Well, I did my best, and she smiled. I can tell she is still sad, though. Mommy says it’s just something called anxiety, and that it means you’re stressed out, which I kind of understand because grown-ups say things around me. Maybe they don’t know I’m listening, but I am. I am the only kid around mostly, except for a baby and she’s boring. I think that maybe I have anxiety, too, sometimes. I’ve seen a lot of sad things happen, and I know my mommy is sad about a lot
She is calming down now, she took some kind of medicine that she said helps her when she has stress. I know it does help her, because I’ve seen it. It helps like when I get itchy eyes and a sore throat and she gives me benadryl. Sometimes I thank God for those medicines that she takes, because she’s so sad and scared without them.
I’m glad she never talks to me like I’m a baby and that she explains the things I don’t understand on my own, because then I understand my head better. Plus, it’s easier to tell her stuff that scares me this way. I’m glad some mommies can tell the truth that they get scared or sad or mad easily sometimes, and not just kids. I’m glad to be a “very intelligent five year old”, too, because it means I understand things that I guess other five year olds don’t.
My mommy’s sister died, and my daddy did, too, so that makes me stressed.

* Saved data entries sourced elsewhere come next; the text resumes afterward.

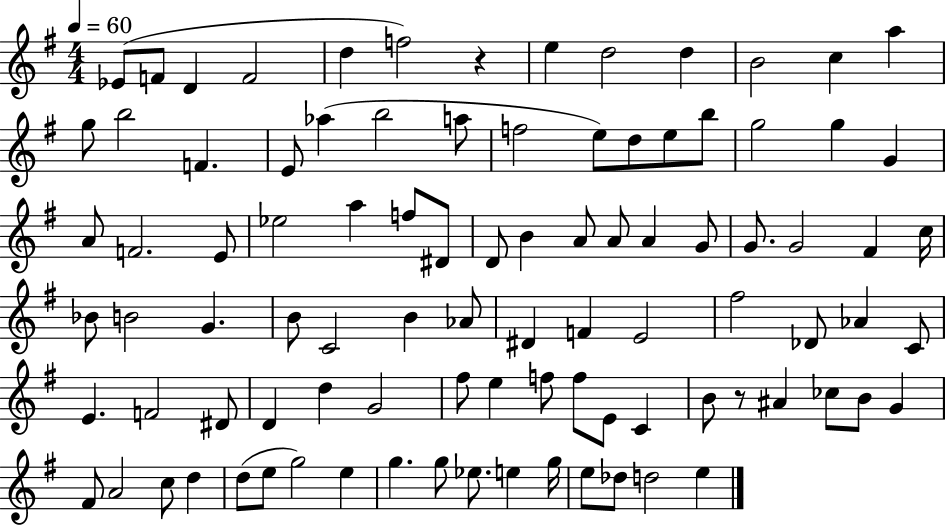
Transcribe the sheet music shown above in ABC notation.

X:1
T:Untitled
M:4/4
L:1/4
K:G
_E/2 F/2 D F2 d f2 z e d2 d B2 c a g/2 b2 F E/2 _a b2 a/2 f2 e/2 d/2 e/2 b/2 g2 g G A/2 F2 E/2 _e2 a f/2 ^D/2 D/2 B A/2 A/2 A G/2 G/2 G2 ^F c/4 _B/2 B2 G B/2 C2 B _A/2 ^D F E2 ^f2 _D/2 _A C/2 E F2 ^D/2 D d G2 ^f/2 e f/2 f/2 E/2 C B/2 z/2 ^A _c/2 B/2 G ^F/2 A2 c/2 d d/2 e/2 g2 e g g/2 _e/2 e g/4 e/2 _d/2 d2 e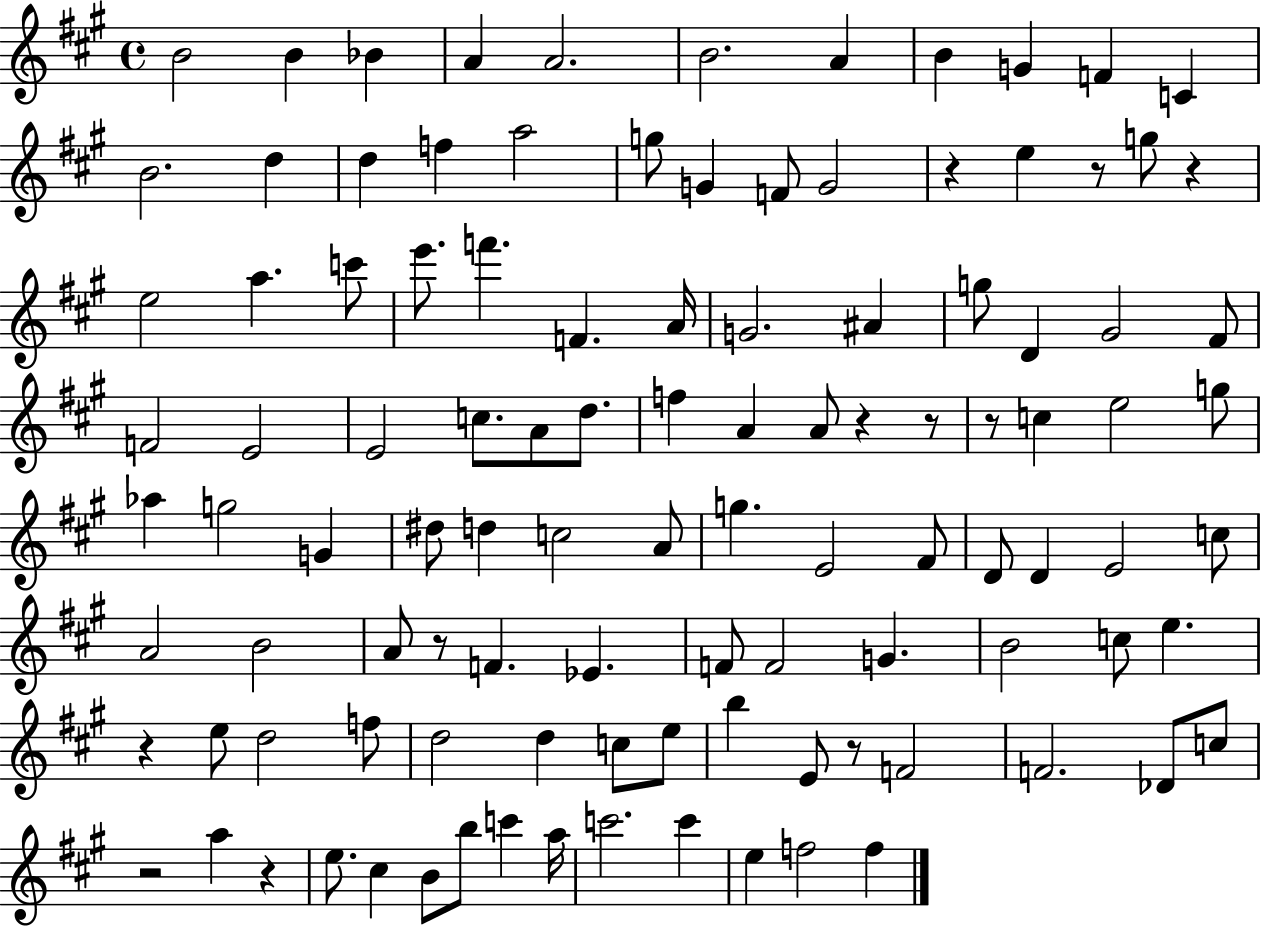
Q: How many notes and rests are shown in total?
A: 108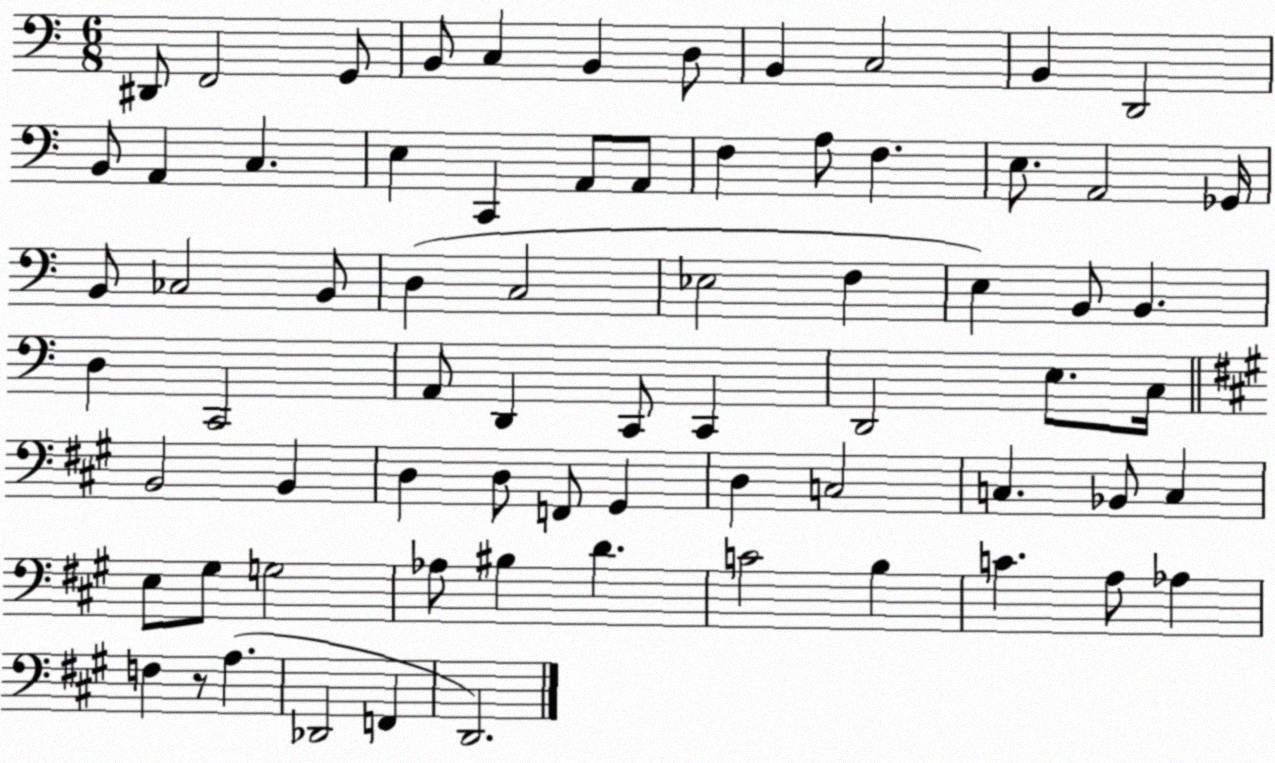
X:1
T:Untitled
M:6/8
L:1/4
K:C
^D,,/2 F,,2 G,,/2 B,,/2 C, B,, D,/2 B,, C,2 B,, D,,2 B,,/2 A,, C, E, C,, A,,/2 A,,/2 F, A,/2 F, E,/2 A,,2 _G,,/4 B,,/2 _C,2 B,,/2 D, C,2 _E,2 F, E, B,,/2 B,, D, C,,2 A,,/2 D,, C,,/2 C,, D,,2 E,/2 C,/4 B,,2 B,, D, D,/2 F,,/2 ^G,, D, C,2 C, _B,,/2 C, E,/2 ^G,/2 G,2 _A,/2 ^B, D C2 B, C A,/2 _A, F, z/2 A, _D,,2 F,, D,,2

It makes mommy VERY upset when she talks about them to anyone.
I get angry and sad and scared. I worry that someone else might go to heaven and I’ll never see them again. It’s hard for me to meet new people because I don’t trust them anymore. Mommy doesn’t seem to trust a lot of people eithe. She’s not as shy as I am, but I think people make her nervous, too. She tells me I’m brave, and I want to be brave, but I also want her to be brave. I think she’s kind of brave and kind of afraid.
I see how hard it is for her. She’s had bad things happen and I know about how grown-ups feel things different than kids. Mostly it’s ’cause we don’t fully understand everything happening. I guess we are something called “resilient”. I heard mommy’s counselor tell her that one time. Her counselor is very nice, and I think maybe I’ll want one when I’m big. Mommy says he’s a person she can trust to tell anything in the world to, and he helps her feel better. I can see how she’s happier when she comes back. I like having someone I can always tell anything to, so it’s a good thing I have my mommy.
She doesn’t lie to me or pretend she is happy when she isn’t, but I know my sister and me are the only ones who make her really the happiest because she only smiles all the way up to her eyes for us two. I also know it is not our fault she gets so frustrated about life because she promises me that all of the time. I think if mommy didn’t have that medicine or counselor she would probably be much sadder.
Maybe then she couldn’t play with me or read me books or teach my baby sister new words and games or whatever. I think it helps her to wake up good in the morning, because she’s cranky before she has that medicine and some coffee. I don’t want her to be cranky, so I’m happy that it helps her stop fast.
I think that a lot of people don’t know what it feels like to be a kid who’s mommy needs to do stuff like take medicine, or has lots of scars that she tells me came from an accident when she was a kid. I’m not sure I believe her about that one thing, because she doesn’t lie to me much and I can tell from her eyes that she isn’t telling me something. Oh well, she will when I am bigger I think.
I wonder if a lot of other kids have mommies that have anxiety or sadness.
I hope if they do, they have mommies who do good things to get all better like mine. They should take those medicines and have something called a counselor. If they don’t then they’re probably very sad kids because if my mommy was sad or scared ALL of the time, I would be, too, you know.